21 March 2016

Fragments vs bacterial GyrB

Anti-bacterial targets are not common among fragment-based lead discovery efforts. We’ve written previously about AstraZeneca’s work on DNA gyrase, which led to a clinical candidate. In a recent paper in Bioorg. Med. Chem. Lett., Michael Mesleh and collaborators at Cubist and Evotec describe their efforts on this protein.

Bacterial DNA gyrase has two subunits, GyrA and GyrB, and is essential during DNA replication. It is also well-validated, being the target of decades-old antibiotics such as the fluoroquinolones. The researchers started by screening a library of 5643 fragments against Staphylococcus aureus GyrB using STD NMR, yielding 304 hits. These were winnowed down to 46 based on intensity of the STD signal, novelty, and ease of follow-up chemistry. These were then tested using chemical shift perturbations and crystallography. Although several crystal structures of fragments bound to GyrB were obtained, these did not suggest clear ways to advance the hits.

On the other hand, compound 5, which showed only weak binding by NMR and did not result in a crystal structure, was appealing because of its novelty and polarity. The researchers knew that most ligands that interact with GyrB make a pair of hydrogen-bond donor-acceptor interactions, and they used that knowledge to surmise a binding model. This suggested that growing the fragment towards a pair of arginine residues could improve affinity and led to the synthesis of compound 8, with low micromolar activity.

A crystal structure of a related molecule confirmed the model and also suggested that removing the methyl group would stabilize a more planar conformation better matched to the binding site.
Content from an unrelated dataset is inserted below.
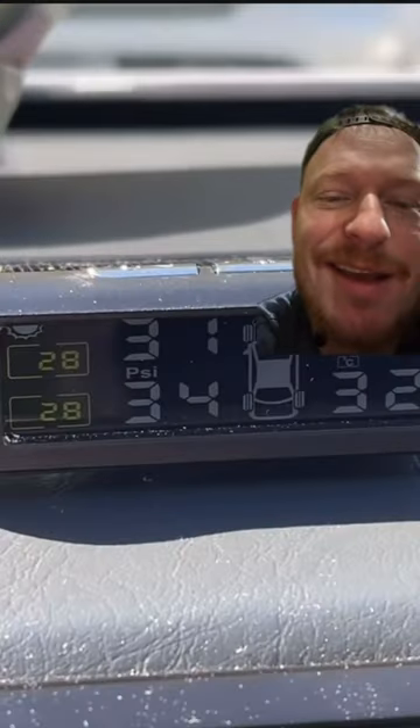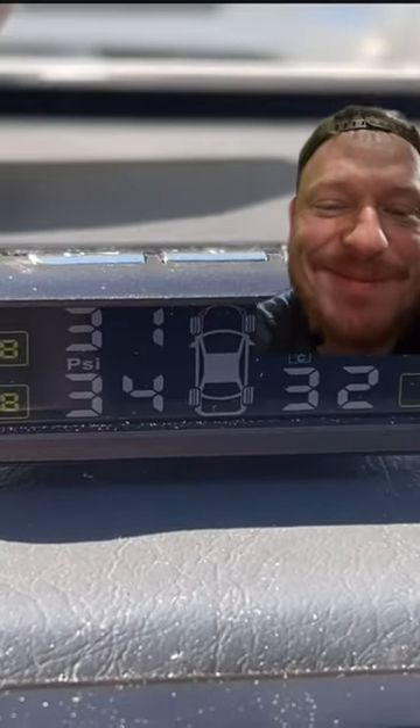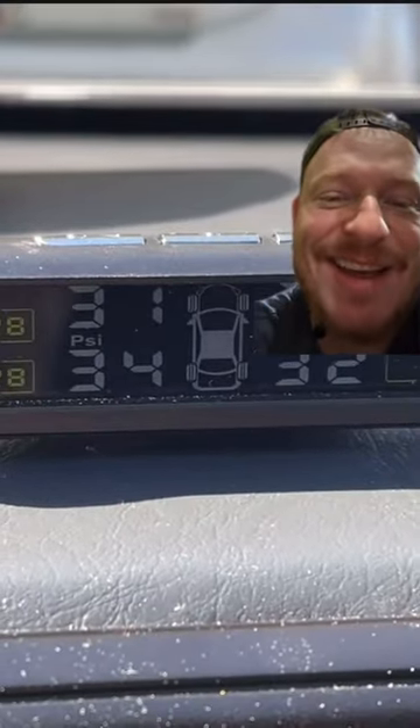One of my biggest pet peeves about driving an older car is having to manually check the tire pressure. So with this, it's just always there. You can see it — solar powered, so you don't have to charge it. And it'll always display your tire pressure. Ain't no way. Pretty cool.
Doing so (compound 9) yielded a ten-fold boost in potency. (This methyl is also a nice example of Teddy’s “Sauron Atom”). In a separate paper published last year, the researchers further optimized this molecule to compound 2, with low nanomolar potency and activity in animal models.

Several things stand out about this paper. First, the researchers were willing to pursue a fragment with an affinity lower than other hits. Second, careful modeling and conformational analyses were critical in advancing the molecules. Finally, crystallography was not used in the initial fragment growing. Of course, it helped that the researchers were working with a well-characterized protein amenable to modeling. Still, it is nice to see another example of advancing fragments in the absence of experimentally-determined structures.